O rito teve início às 19h, com a Santa Missa na Matriz de Nossa Senhora da Conceição. Logo após o cortejo partiu em direção à Basílica do Senhor Bom Jesus de Matosinhos. No trajeto, a imagem de Cristo, marcada pelo sofrimento da paixão, guiou moradores e visitantes em um percurso de oração e memória.
O Sermão do Pretório
Ao chegar ao adro da Basílica, o cenário barroco serviu de palco para o Sermão do Pretório, conduzido pelo Padre José Mário.
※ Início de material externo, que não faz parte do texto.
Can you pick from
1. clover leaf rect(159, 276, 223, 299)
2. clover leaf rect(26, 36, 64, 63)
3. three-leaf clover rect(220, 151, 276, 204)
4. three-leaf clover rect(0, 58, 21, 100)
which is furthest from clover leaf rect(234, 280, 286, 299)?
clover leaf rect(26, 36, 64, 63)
O celebrante trouxe o julgamento de Jesus para o tempo presente, provocando os fiéis a refletirem sobre as injustiças contemporâneas e a responsabilidade coletiva diante da dor do próximo.
A celebração recorda o instante em que Cristo, condenado e açoitado, é exposto ao povo antes de iniciar sua subida ao Calvário, um simbolismo que ressoa com força na “Cidade dos Profetas”.
Herança que atravessa gerações
Mais do que um evento do calendário, a procissão revelou sua força na renovação dos rostos que acompanham o andor. Entre as centenas de pessoas, famílias inteiras faziam o trajeto, garantindo que o costume não se perca no tempo.
É o caso de Eulália Martins, moradora do bairro Profeta, que fez questão de levar a neta de 7 anos pela primeira vez. “Ela já frequenta as missas comigo, mas a procissão tem algo diferente que prende a atenção da criança. Ela vai perguntando, observando as imagens, e a gente vai explicando o significado de cada passo. É assim que a fé começa”, relatou emocionada.
A programação da Semana Santa segue reunindo fiéis em diferentes momentos de celebração e mantendo viva a tradição na Capital Mineira da Fé.